The problem is that the set of plugins we need to run can change every time you open a directory containing a package that uses a plugin we hadn't seen before. And every time the version of the analysis server or any of the plugins changes. There's probably some way to do some kind of caching, but that won't completely negate the need to sometimes recompile the server on start-up (or more frequently if we need to restart when the set of plugins grows because of opening a directory). |
If use of build_runner is expected to increase with macros going away, it could be good to have better integration with IDEs. Currently in VS Code we have some tasks that make it easier to start
build_runner
, but they're basically just run as shell commands for convenience and have no real interaction with the editor. Presumably if you have multiple projects that use it, you might end up running many processes too.It could be nice if there something more like the analysis server... a single process the IDE can spawn that can handle multiple projects in the workspace (workspace in the VS Code sense, not Pub Workspace... since a user could open a folder that has a mix of workspace + isolate pub packages, and a single build_runner process for all of them would probably be better).

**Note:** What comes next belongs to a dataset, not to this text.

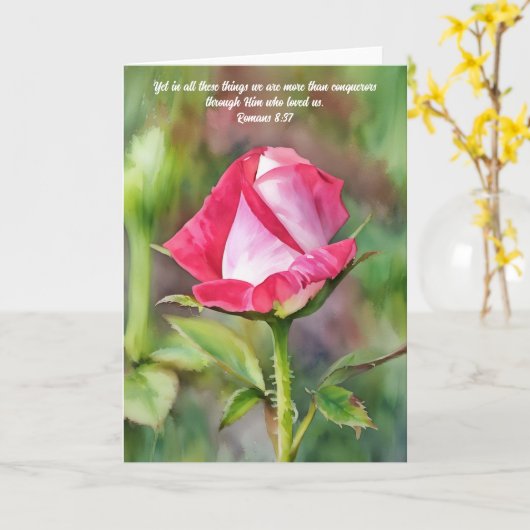 背の高いピンクのバラの聖句アートノートカード カード (黄色い花)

I don't use build_runner much so I don't have any current ideas about what else could be better integrated, but maybe this issue would be a good place for others to add some ideas.
(I'll also note that the IDEs are spawning the Dart Tooling Daemon which knows what the open roots are... I don't know to what extent it might make sense to integrate via that... on one hand it would be nice to not be spawning so many separate processes.. but I'm also not sure DTD should turn into some kind of god-service).